Prepared by the method for infusion process or fractional precipitation that can adopt of catalyst provided by the invention.
Fractional precipitation preparation method, concrete preparation method is that the first step gets a certain amount of precipitating reagent and Ludox precipitates, Cheng Huahou, copper nitrate solution is added in above-mentioned solution with certain speed and precipitates, then pH value is regulated to be 7.2 with acid or alkali, one-tenthization 20 min ~ 30min, washing, Separation of Solid and Liquid, drying, interpolation auxiliary agent, roasting, last compression molding.
Infusion process preparation method, concrete preparation method, for carry out in closed reactor, implements by the following steps.1. prepare cuprammonia: ammoniacal liquor joins in copper nitrate solution, be mixed with the cupric ammine complex solution of clarification, then add ionized water stirring.2. flood: get in the cupric ammine complex solution that 1. silica gel join, vacuumize maintenance under agitation, dipping completes.3. be separated, wash, dry: dipping material is carried out Separation of Solid and Liquid, and solid material to neutrality, then carries out drying through washing, obtains finished catalyst.
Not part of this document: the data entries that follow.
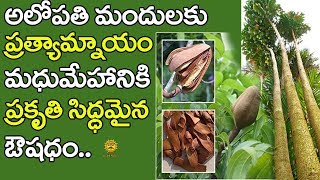 మధుమేహానికి ప్రకృతి సిద్ధమైన ఔషధం ఈ పండు..Sky Fruit for Diabetes | Health Masters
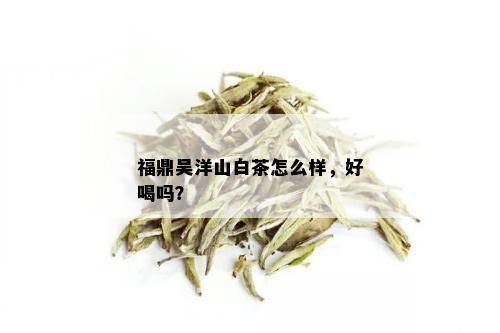 福鼎吴洋山白茶怎么样，好喝吗？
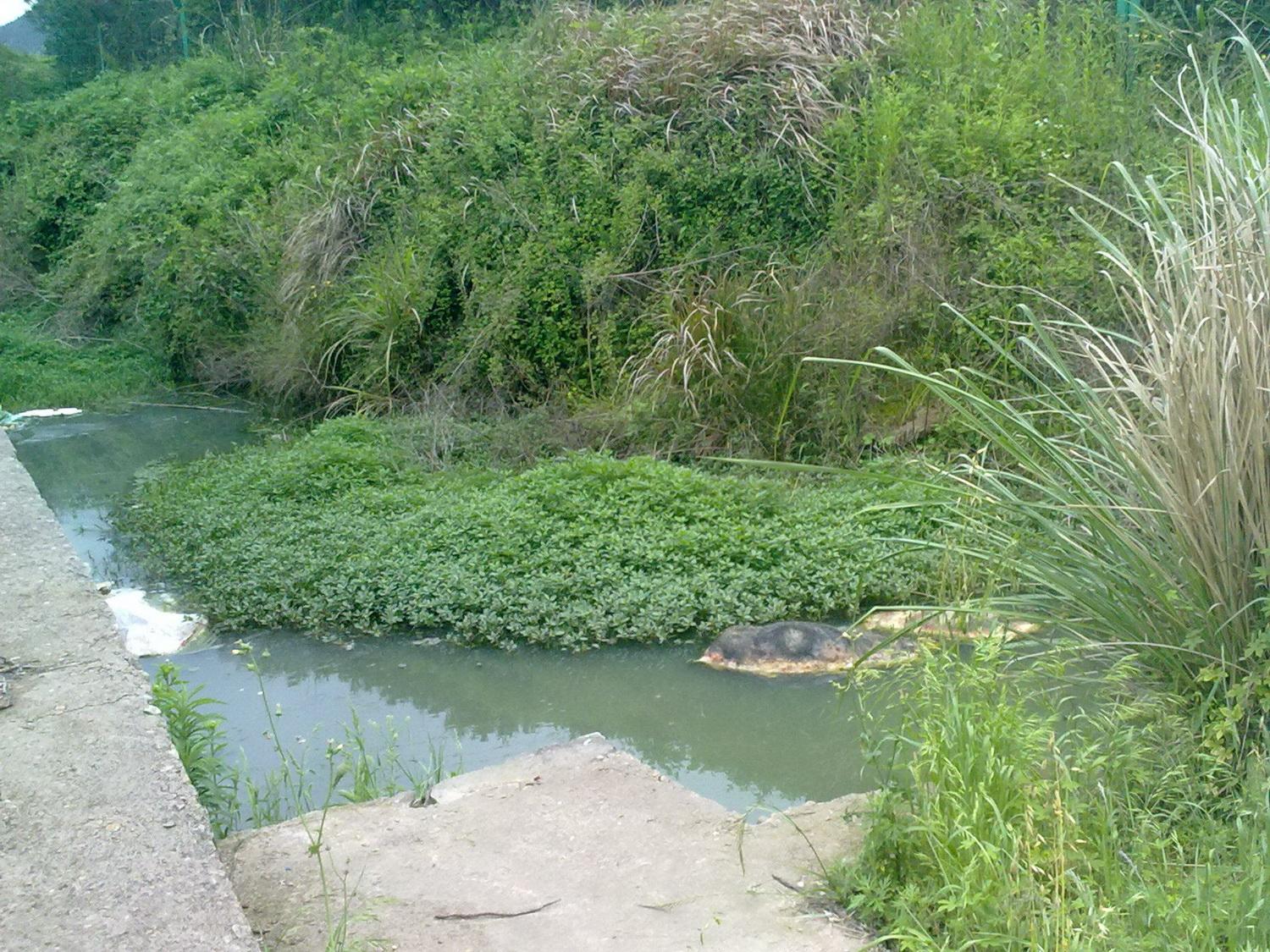 20100516079.jpg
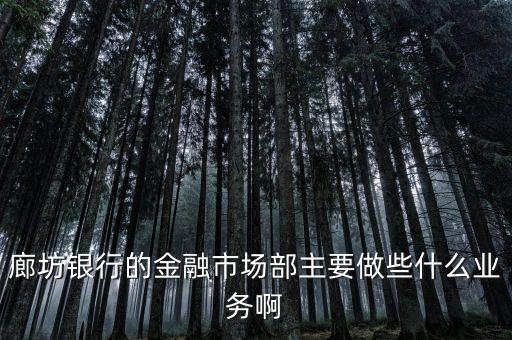 齊飛金融主營(yíng)什么業(yè)務(wù)，堅(jiān)固金融都有什么業(yè)務(wù)實(shí)力怎么樣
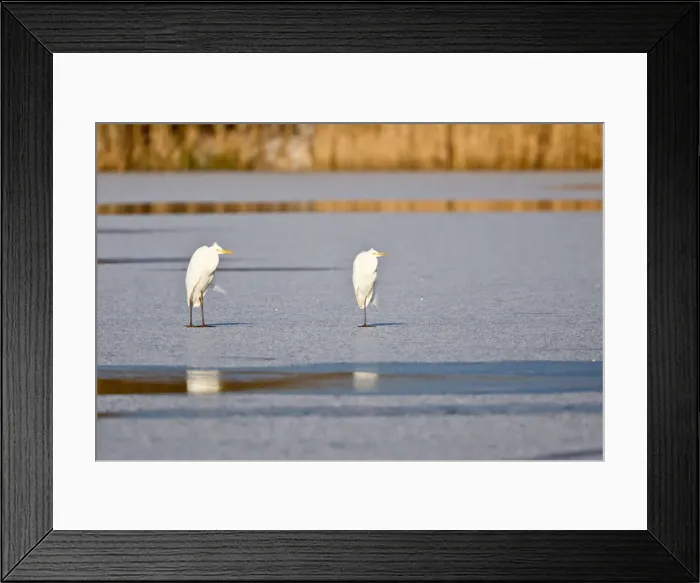Framed Print : Two Great Egrets -Ardea alba- standing on ice, North Hesse, Hesse, Germany Framed Print : Two Great Egrets -Ardea alba- standing on ice, North Hesse, Hesse, Germany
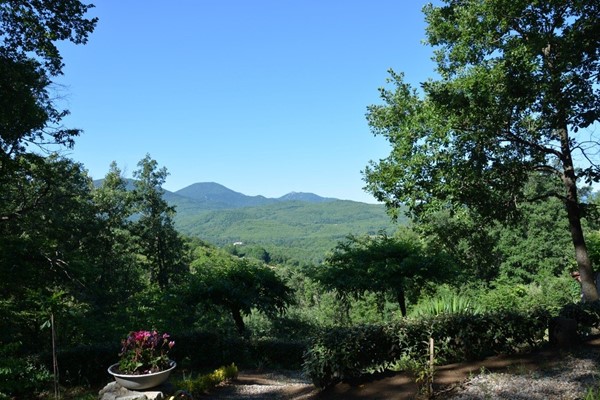Medium property photo - La Forge del Mitg 66260, 66260 Saint-Laurent-de-Cerdans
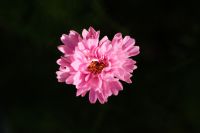 Kaboompics - Single Pink Flower on a Dark Background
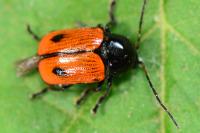 Cryptocephalus bipunctatus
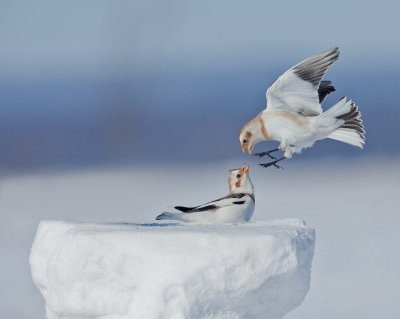 Plectrophanes des neiges / Snow bunting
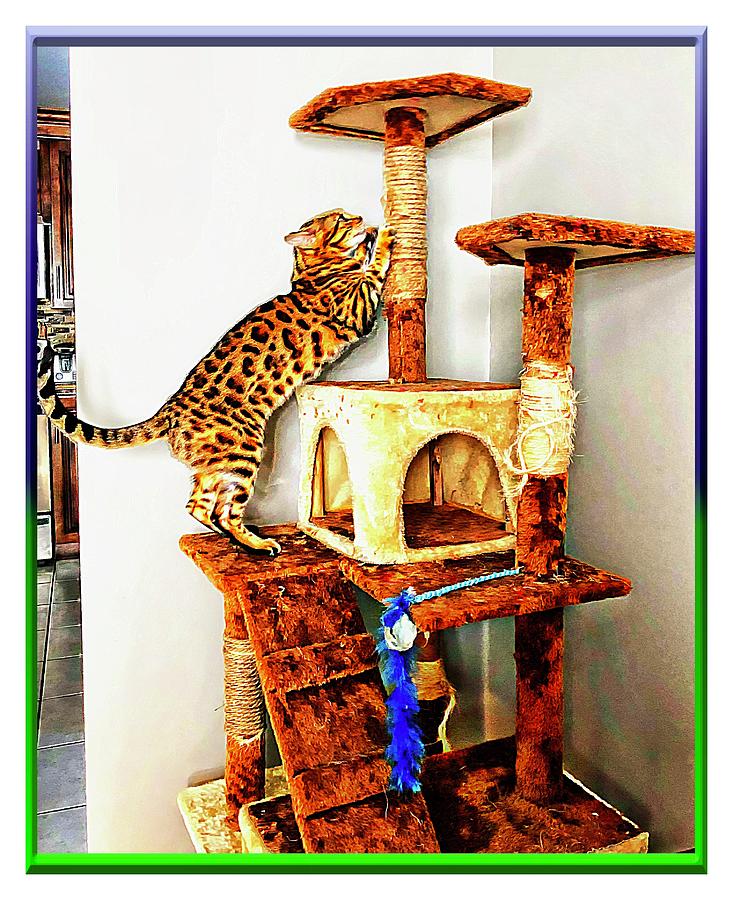 Bengal and Cat Tree Photograph by Barbara A Griffin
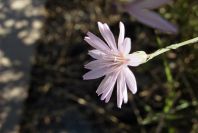 2006-12-27-025-Unknown-plant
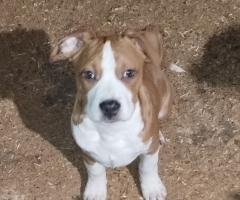 AmStaff FCI Pedigree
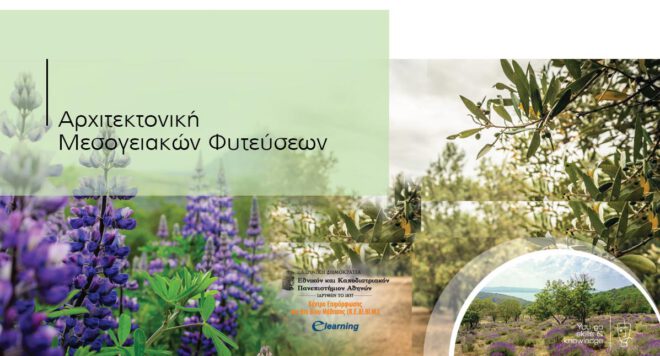 Archisearch - Αρχιτεκτονική Μεσογειακών Φυτεύσεων | Πρόγραμμα Συμπληρωματικής Εξ' Αποστάσεως Εκπαίδευσης
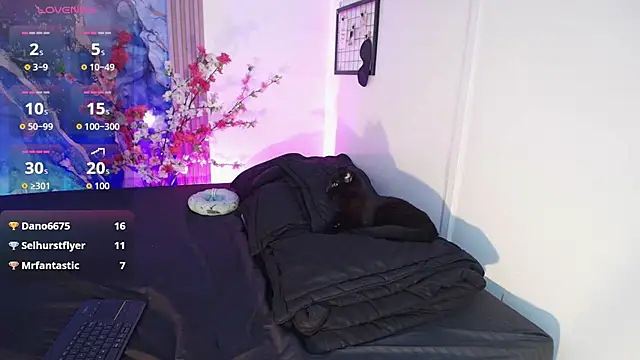 Valkiria 09 online show from December 19, 3:24 am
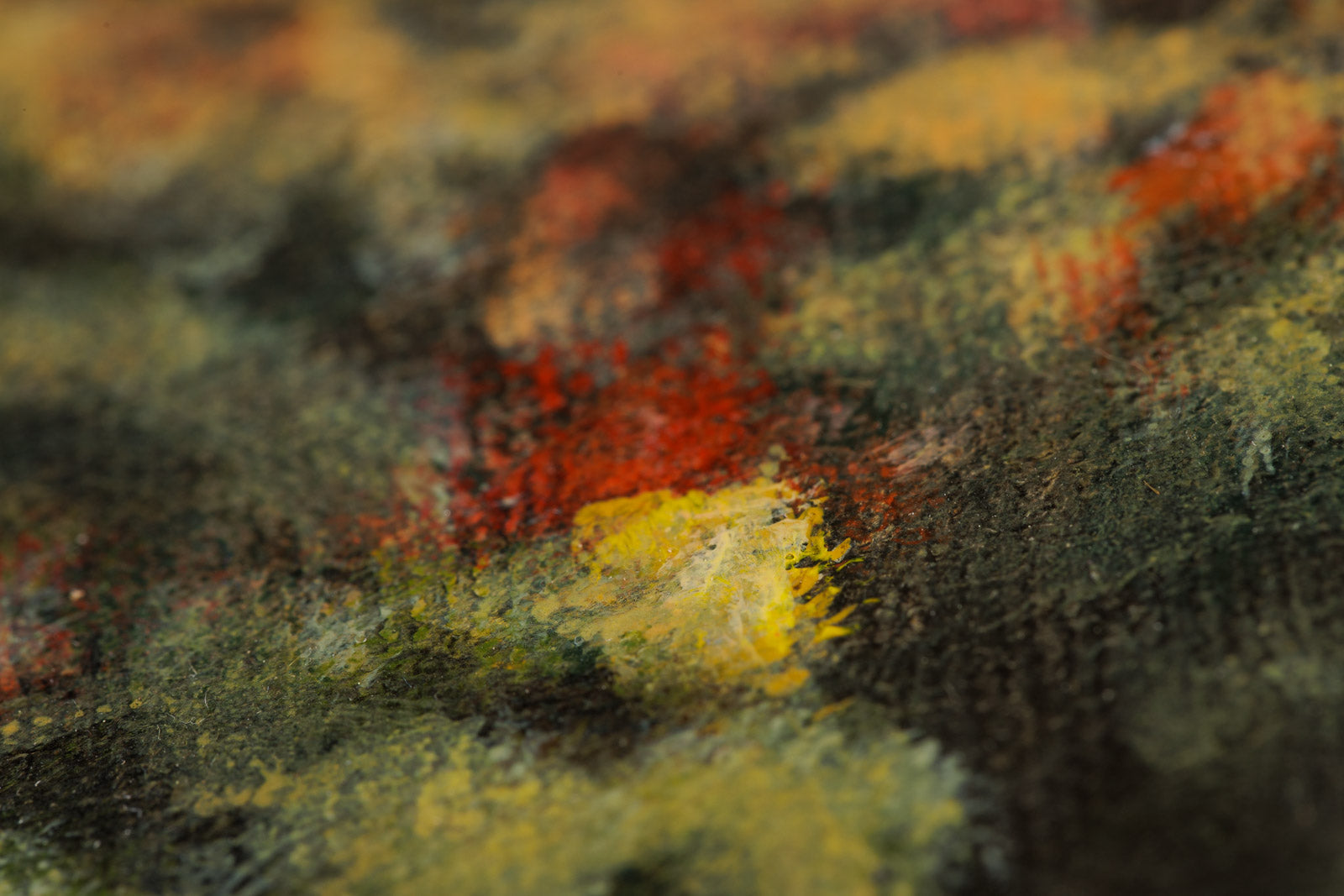 Changing Colours At The Lake Of Two Rivers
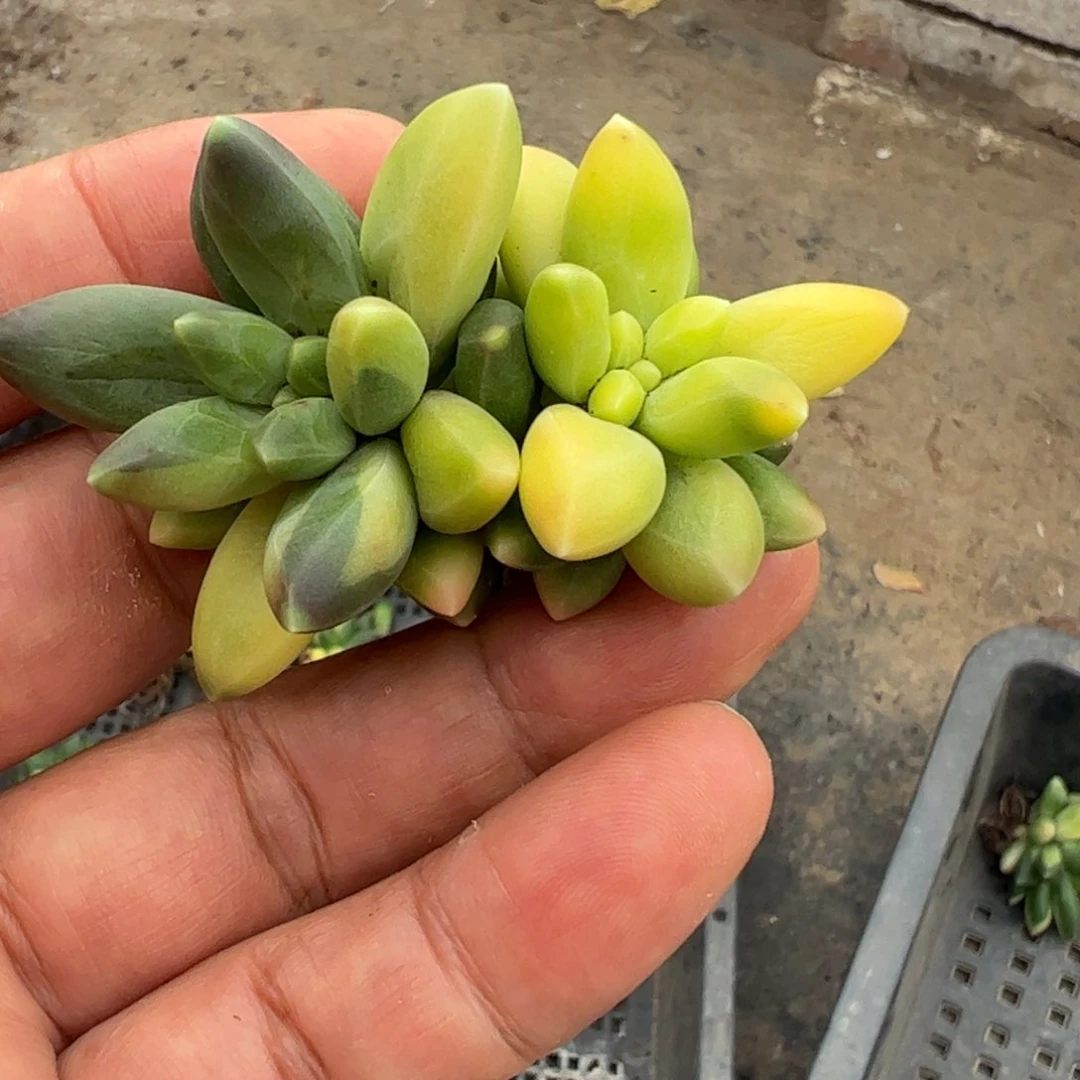 朵****?多肉植物多肉植物
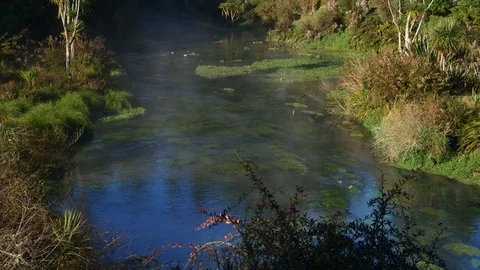 Steam rises form the pristine Te Waihou Bue Spring in New Zealand Stock Footage 94836492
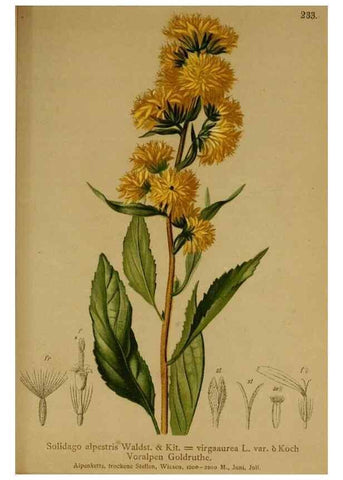 Reproducción/Reproduction 10055751516: Atlas der Alpenflora /. Wien :Eigenthum und Verlag des Deutschen und Oesterr. Alpenvereins,1882.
Detailed description of the invention
Be described in detail below by embodiment.Enumerate the object of these examples just in order to explain the present invention, instead of limitation of the present invention.
Embodiment 1
Catalyst preparing carries out in closed reactor, implements by the following steps.1. prepare cuprammonia: the ammoniacal liquor getting 100ml 10M joins in the copper nitrate solution of 500ml 0.5M, be mixed with the cupric ammine complex solution of clarification, then add 600 ml ionized waters stirrings.2. flood: (specific area is 163.6m to get 180g commercial silica gel
2/ g, pore volume is 0.55ml/g, and average pore size is 4.8nm) join 1. cupric ammine complex solution, vacuumize maintenance under agitation 3 hours at 70 DEG C, dipping completes.3. be separated, wash, dry: dipping material is carried out Separation of Solid and Liquid, and solid material to neutrality, then carries out drying through washing, obtains finished catalyst.This catalyst copper content is 18.5%, and specific area is 220.5m
2/ g, pore volume is 0.44ml/g, and average pore size is 3.5nm.
Embodiment 2
Catalyst preparing carries out in unlimited reactor, implements by the following steps.The magnesium nitrate solution 50ml getting 1.0M copper nitrate solution 1000ml, 1.0M is mixed with mixed solution a, in with the stillpot stirred, the Ludox JN-25 of sodium carbonate liquor and 1048 grams is carried out co-precipitation, control precipitation temperature at 60 DEG C ~ 70 DEG C, precipitation endpoint pH is 7.5, then at 70 DEG C ~ 75 DEG C aging 30min, again solution a is joined in above-mentioned precipitation, through washing, oven dry, pulverizing, 320 DEG C of roastings, add 8.8 grams, potash and 4.0 grams, magnesia, add suitable quantity of water and graphite, last compression molding, obtains available catalyst.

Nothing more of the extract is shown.